納棺師とは、遺体の状態を整えて納棺までをサポートする人で、通称「おくりびと」とも呼ばれる仕事です。

似たような仕事として湯灌師(ゆかんし)がありますが、こちらは遺体を入浴させる湯灌を中心に行う人のことです。

しかし、実際は納棺師が湯灌から納棺までを行ったり、逆に湯灌師が納棺師の仕事も兼任することが多く、その区別は曖昧です。

この記事では、納棺師の具体的な仕事内容や納棺師を依頼した際の料金に加えて、納棺師を目指す人向けに納棺師になるための情報も紹介します。

納棺師の仕事

これまでの葬儀といえば、葬儀社のスタッフが葬儀全体の進行役を務め、納棺についても葬儀社のスタッフに任せるのが一般的でした。

そのため、簡単な死化粧と既成の死装束を着せる程度で、特別な処置をするのは遺体の損傷がひどい時などに限った稀なケースでした。
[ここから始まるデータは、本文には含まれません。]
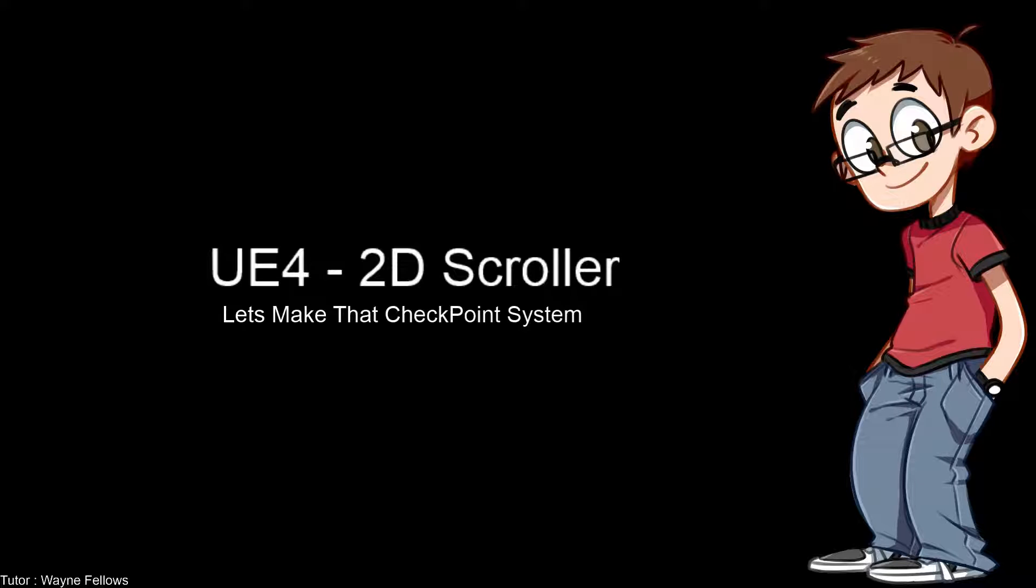Hello YouTube and welcome back to another episode of creating a 2D side scroller in Unreal Engine 4. I wasn't thinking that this checkpoint system would be in two parts. I didn't think it was this big, but it is actually quite big, so welcome to part two of creating the checkpoint system.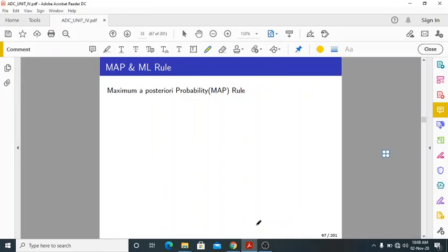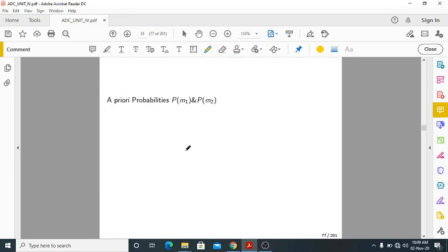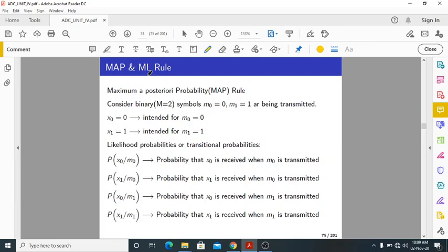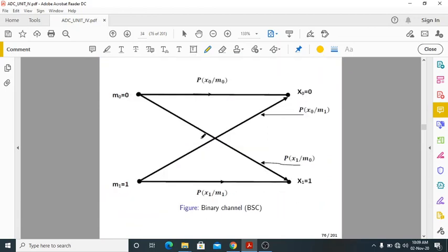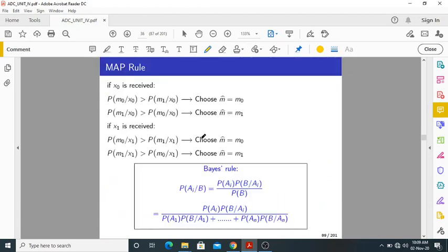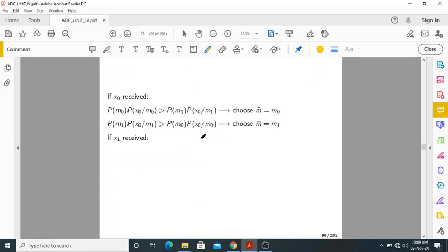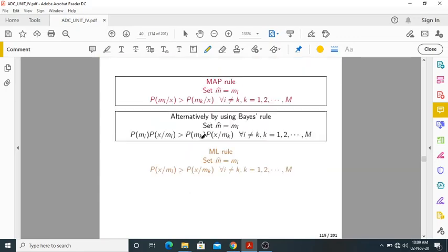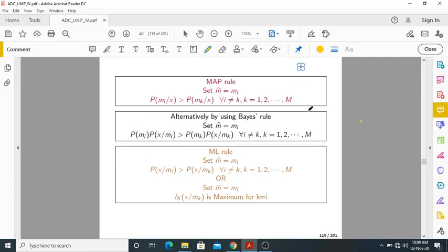Good morning everyone. In the last class we started with the MAP rule and ML rule. MAP means maximum a posteriori probability, ML means maximum likelihood rule. I explained the difference between these two. ML is a special case of the MAP rule where we take all symbols as equiprobable. Otherwise ML is the upper limit of the MAP rule. This is about MAP and ML rule — these are very important rules in digital communication systems.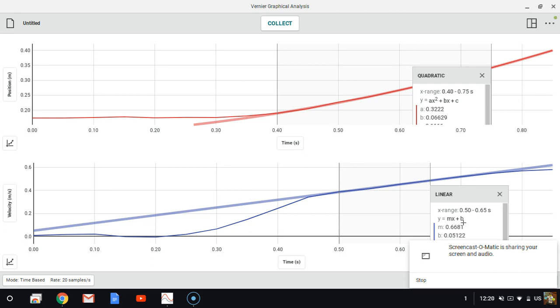This is the acceleration of our glider, the M, the slope on this graph, and 2 times A on this graph. Thanks, everybody. Good luck.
しかし近年では、故人を生前のような姿で旅立たせてやりたいという遺族も増え、映画「おくりびと」の影響もあって、納棺のプロである納棺師を希望する人も増えています。

納棺師は技術が高く、作業も丁寧なので、故人が見違えるような姿になって驚く遺族もいるほどです。

もちろん遺体の損傷が大きい場合は、葬儀社スタッフや遺族だけで遺体を整えるのは限界があり、そのような場合も納棺師は非常に重要な役割を担います。

具体的な納棺師の仕事について見ていきましょう。

湯灌(ゆかん)

湯灌とは、故人を入浴させて清める儀式です。

実際に遺体を入浴させるかどうかは遺族の判断に任せられるので、アルコールを含ませた脱脂綿で遺体を拭くだけの清拭(せいしき)で済ませる場合もあります。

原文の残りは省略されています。